The one big exception to this picture is found in Cicero’s relationship with his slave secretary Tiro, the man who in the medieval imagination was credited with the invention of a well-known form of shorthand. Tiro’s origins are entirely unknown, unless the far-fetched Roman gossip was right to suspect that Cicero was so fond of him, he could only have been Cicero’s natural son. He was freed with much celebration in 54 or 53 BCE, to become a Roman citizen under the name of Marcus Tullius Tiro. The relationship of Tiro with the whole Cicero family has often been seen as the ‘acceptable face’ of Roman slavery.

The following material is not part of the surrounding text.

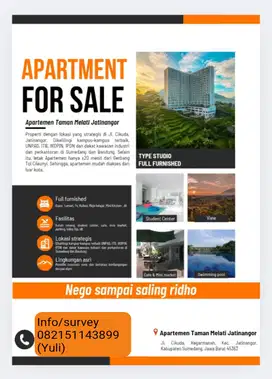 Dijual Apartemen full furnished dekat ITB, UNPAD Jatinangor Sumedang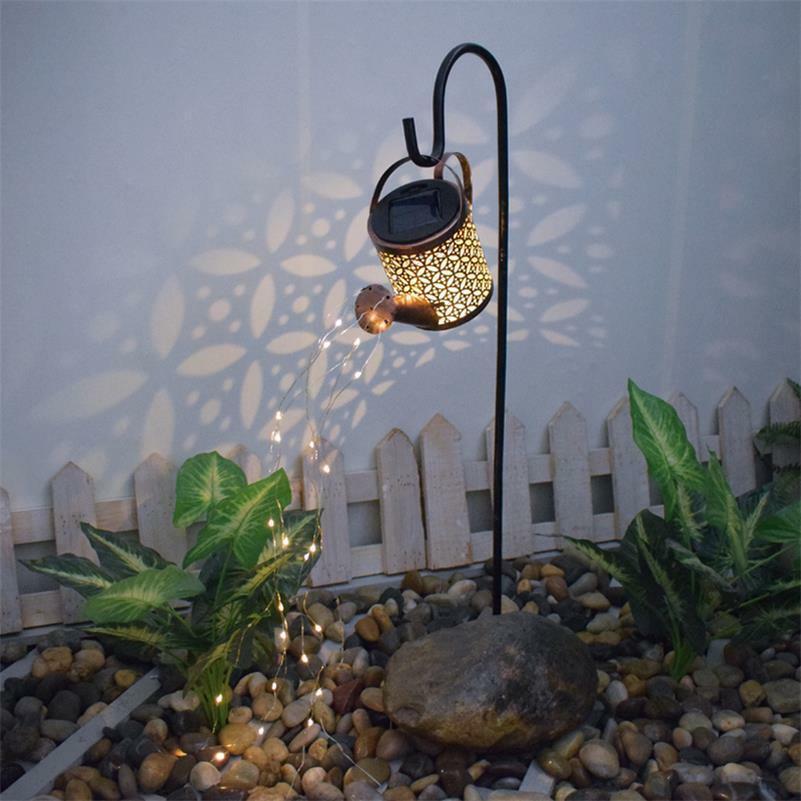 LED Solar Watering Can String Light Shower Outdoor Garden Art Tree Decor Lamp AU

Many of the family’s letters to him (no replies survive) brim with affection, chat and often concern about his health. ‘Your health makes us terribly worried,’ Quintus Cicero wrote, typically, in 49 BCE, ‘… and it’s an enormous worry that you are going to be away from us for so long … but really don’t commit yourself to a long journey unless you are good and strong’. And the occasion of Tiro’s grant of freedom was marked by joyous congratulation, and self-congratulation. Quintus again, writing to his brother from Gaul, where he was serving with Julius Caesar, captures something of the significance of the change of status: ‘I am really pleased with what you have done about Tiro and that you decided that his status was below what he deserved and that you would rather have him as a friend than a slave. I jumped for joy when I read your letter. Thank you.’ Tiro appears almost to play the role of a surrogate son around whom the sometimes dysfunctional family could happily unite. But even so, there is a lingering ambivalence, and Tiro’s servitude was never wholly forgotten. Years after his grant of freedom, Quintus wrote to Tiro to complain that, once again, no letter had arrived from him. ‘I’ve given you a good thrashing, or at least a silent ticking off in my head’, as Quintus puts it. A harmless bit of banter? A bad joke? Or a clear hint that in Quintus’ imagination Tiro would always remain someone you could think of thrashing?